Module stikpetP.effect_sizes.eff_size_eta_sq
Expand source code
import pandas as pd
from ..other.table_cross import tab_cross
def es_eta_sq(catField, ordField, categories=None, levels=None, useRanks=False):
'''
Eta Squared
---------------
An effect size measure to indicate the the strength of the categories on the ordinal/scale field. A 0 would indicate no influence, and 1 a perfect relationship.

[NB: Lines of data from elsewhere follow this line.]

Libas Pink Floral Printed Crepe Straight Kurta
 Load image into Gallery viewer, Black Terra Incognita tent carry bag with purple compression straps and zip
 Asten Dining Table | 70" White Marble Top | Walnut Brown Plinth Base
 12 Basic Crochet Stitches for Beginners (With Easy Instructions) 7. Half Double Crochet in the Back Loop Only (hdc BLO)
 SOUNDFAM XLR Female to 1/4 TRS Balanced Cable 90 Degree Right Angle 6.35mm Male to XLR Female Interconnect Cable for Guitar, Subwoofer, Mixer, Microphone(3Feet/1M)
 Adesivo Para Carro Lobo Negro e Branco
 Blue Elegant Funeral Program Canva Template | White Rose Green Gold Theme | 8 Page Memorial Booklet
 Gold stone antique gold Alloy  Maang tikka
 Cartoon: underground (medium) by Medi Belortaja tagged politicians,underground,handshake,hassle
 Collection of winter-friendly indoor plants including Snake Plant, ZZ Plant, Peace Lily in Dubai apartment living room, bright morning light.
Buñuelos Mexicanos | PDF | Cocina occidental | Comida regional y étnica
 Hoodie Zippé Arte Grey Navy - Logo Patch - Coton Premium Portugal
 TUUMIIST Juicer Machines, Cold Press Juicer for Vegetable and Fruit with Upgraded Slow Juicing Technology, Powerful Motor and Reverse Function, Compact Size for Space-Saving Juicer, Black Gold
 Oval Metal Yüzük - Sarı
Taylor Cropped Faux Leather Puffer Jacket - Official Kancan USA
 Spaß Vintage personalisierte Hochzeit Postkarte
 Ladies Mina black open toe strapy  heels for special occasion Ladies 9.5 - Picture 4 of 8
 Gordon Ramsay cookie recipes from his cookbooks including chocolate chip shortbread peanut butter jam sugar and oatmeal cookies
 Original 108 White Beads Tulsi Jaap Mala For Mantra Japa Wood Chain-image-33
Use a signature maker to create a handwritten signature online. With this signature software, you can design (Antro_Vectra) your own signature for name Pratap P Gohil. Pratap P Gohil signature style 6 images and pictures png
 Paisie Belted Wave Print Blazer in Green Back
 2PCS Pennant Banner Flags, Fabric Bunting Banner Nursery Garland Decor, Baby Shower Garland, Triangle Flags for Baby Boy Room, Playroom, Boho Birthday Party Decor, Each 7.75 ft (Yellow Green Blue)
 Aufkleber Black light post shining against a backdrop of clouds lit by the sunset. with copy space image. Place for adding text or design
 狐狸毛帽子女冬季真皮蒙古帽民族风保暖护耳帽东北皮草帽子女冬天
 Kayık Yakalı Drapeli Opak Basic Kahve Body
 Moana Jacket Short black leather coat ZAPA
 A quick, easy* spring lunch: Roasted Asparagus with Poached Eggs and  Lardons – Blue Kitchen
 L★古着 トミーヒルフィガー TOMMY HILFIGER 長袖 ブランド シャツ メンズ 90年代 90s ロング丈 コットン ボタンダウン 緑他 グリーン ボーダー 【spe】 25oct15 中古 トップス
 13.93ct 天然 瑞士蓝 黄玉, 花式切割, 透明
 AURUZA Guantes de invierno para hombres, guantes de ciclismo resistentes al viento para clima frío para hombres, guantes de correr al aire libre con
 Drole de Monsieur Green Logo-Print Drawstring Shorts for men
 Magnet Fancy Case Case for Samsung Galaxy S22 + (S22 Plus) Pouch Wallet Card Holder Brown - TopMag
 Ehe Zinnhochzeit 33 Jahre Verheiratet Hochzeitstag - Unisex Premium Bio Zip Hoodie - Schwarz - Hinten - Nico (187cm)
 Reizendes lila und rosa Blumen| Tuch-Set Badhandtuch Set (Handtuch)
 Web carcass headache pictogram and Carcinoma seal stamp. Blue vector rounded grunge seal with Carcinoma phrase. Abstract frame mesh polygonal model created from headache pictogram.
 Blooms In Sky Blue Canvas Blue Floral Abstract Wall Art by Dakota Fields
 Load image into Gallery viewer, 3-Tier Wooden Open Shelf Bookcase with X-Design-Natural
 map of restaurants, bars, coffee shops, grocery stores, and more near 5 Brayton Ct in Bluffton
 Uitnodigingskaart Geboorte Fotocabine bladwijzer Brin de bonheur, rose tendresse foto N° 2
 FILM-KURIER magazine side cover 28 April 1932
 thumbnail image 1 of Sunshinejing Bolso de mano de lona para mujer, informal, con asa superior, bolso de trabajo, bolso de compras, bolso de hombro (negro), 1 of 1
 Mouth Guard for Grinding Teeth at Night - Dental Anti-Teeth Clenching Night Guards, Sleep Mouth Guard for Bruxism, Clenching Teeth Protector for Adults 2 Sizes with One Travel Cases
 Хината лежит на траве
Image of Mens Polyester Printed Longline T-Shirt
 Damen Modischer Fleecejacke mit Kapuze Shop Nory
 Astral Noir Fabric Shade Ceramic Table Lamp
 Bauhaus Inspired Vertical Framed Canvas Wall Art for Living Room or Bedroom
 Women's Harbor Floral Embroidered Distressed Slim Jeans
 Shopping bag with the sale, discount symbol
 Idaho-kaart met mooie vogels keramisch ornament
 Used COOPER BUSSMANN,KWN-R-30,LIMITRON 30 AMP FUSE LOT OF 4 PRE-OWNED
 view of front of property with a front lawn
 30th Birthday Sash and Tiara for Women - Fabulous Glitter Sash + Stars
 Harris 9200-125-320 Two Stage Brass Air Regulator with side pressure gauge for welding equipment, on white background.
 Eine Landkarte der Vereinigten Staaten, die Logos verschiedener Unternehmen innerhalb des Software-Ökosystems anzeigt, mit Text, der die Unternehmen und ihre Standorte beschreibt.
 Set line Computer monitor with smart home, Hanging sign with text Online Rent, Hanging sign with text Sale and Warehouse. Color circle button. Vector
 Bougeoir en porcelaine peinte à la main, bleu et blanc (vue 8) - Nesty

It is “the proportion of the variation in Y that is associated with membership of the different groups defined by X “ (Richardson, 2011, p. 136).
An alternative Epsilon Squared is an attempt to make eta-squared unbiased (applying a population correction ratio) (Kelley, 1935, p. 557). Although a popular belief is that omega-squared is preferred over epsilon-squared (Keselman, 1975), a later study actually showed that epsilon-squared might be preferred (Okada, 2013).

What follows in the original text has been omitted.